You can do this easily with Data Jedi Plugin
This is not 100% true. You can, if you want, return 129,000 records. But should you, or rather, do you need to? The real question would be do you need to. In your case, with Data Jedi, you do not need to. You can run this conversion in a backend workflow and return only the records that changed.
@ian11 I do not know what the data structure is of the API call, but based on what you wrote that I read, this statement is not necessarily applicable to your use case since your data count comes back as delta and not an aggregated count, requiring you to add or subtract those delta values to arrive at the ‘new’ values. I could be wrong, but that is how I read your use case.
No real need if you are using Data Jedi or some plugin that allows you to easily modify values on front end or backend. You can instead just take the incoming api call data, filter out all delta values of 0 and then just modify the values whose delta is greater than or less than 0.
How is the user going to actually interact with this. Is this some dashboard that is open all day long that they continuously view to have minute by minute updates or is this a dashboard they will go to view once a day or week to just check up on impressions?
Is the user needing ALL values, or can it be restricted to fetch from api only the values relevant to the current user?

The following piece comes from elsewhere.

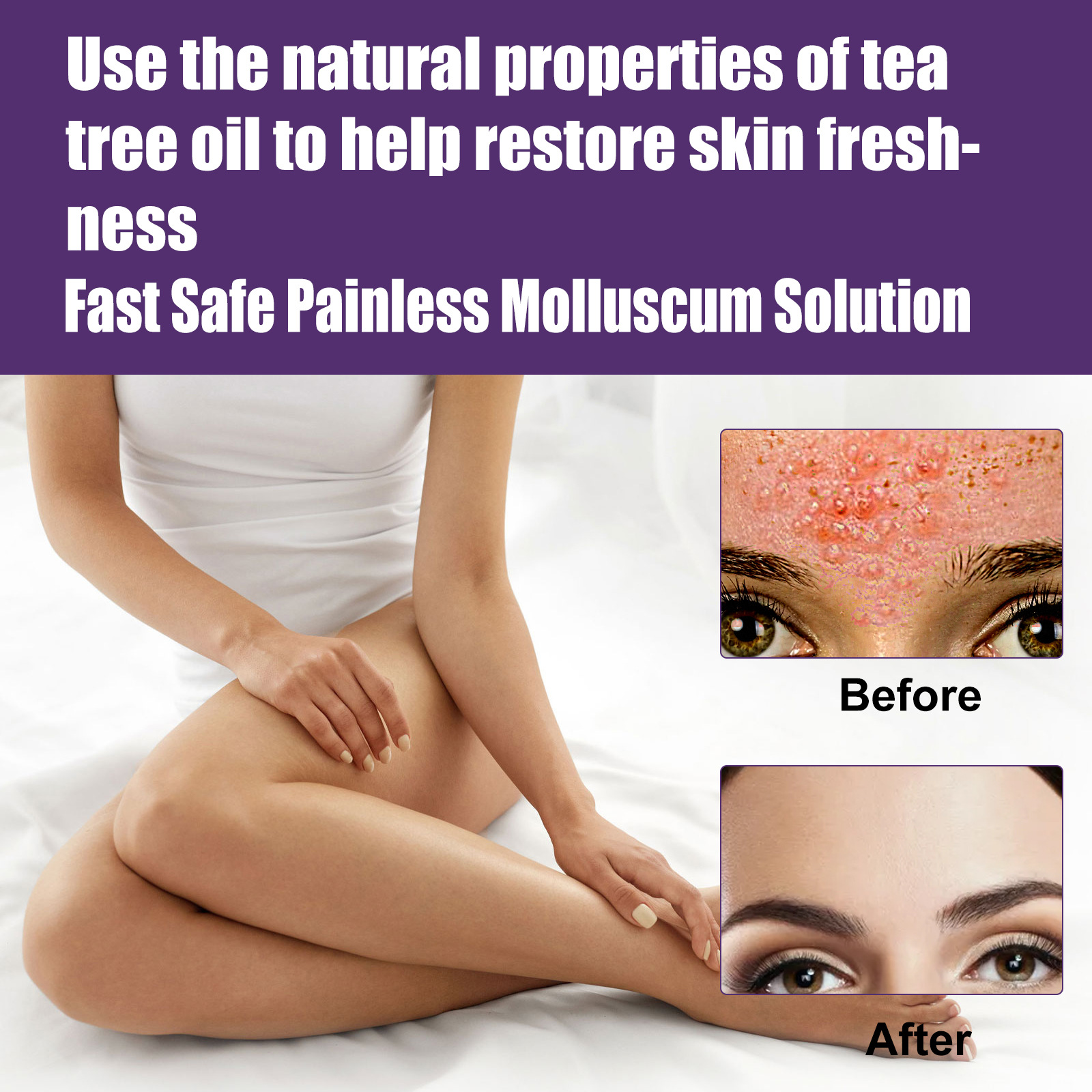 Skin Cleaning Removal of Underarm Hand and Foot Anti Wart Flat Care Liquid Set_voghion.com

Is the delta value going to be returned from the API such that if you do not request the data for 24 hours, will the delta be accurate based on changes since your last API request. Same concept, if you request every 10 minutes, is the delta value accurate. For me, the question is, if you request every 24 hours, does your delta value accurately assess how much has this value changed since the last request 24 hours previously. OR do you NEED to have it every minute in order for delta values to be accurate?
Is the 129K rows of data for 30 day period? Or would you have the same 129K rows of data over a 3 minute period? What I am wondering is what does this data from the API represent in real terms. If you have a ‘impressions’ with an unique ID to represent the impressions for a one minute interval on an advert with unique ID so we can say, call the API anytime, every 1 minute or every 24 hours, you will likely see the same unique ID of an advert listed more than once, with multiple unique IDs of the ‘impressions’ delta. So I fetch via API would I be able to filter by the ID of the advert to see all ‘updates’ of impression delta since my last api fetch request regardless of duration between fetches.
If you would see the same advert unique ID multiple times, each time having attached a unique id for impressions over the time span, that therefore has multiple delta values (+1, +4, -6), this would be easy to put into the arbitrary text operator in the screen shot below as a list of deltas because the + and - in front of each will result in the math returned properly.
Does you api provider allow for constraints, especially date constraints.
In order to really solve the query, we need to understand clearly, what is the data structure, how is the data returned, what constraints can be used when fetching the data, how is the data going to actually be used by the user.
When knowing all those very important details in coming up with an optimized approach (there are so many ways you can do one thing), you can land on the best solution based on your data and use case.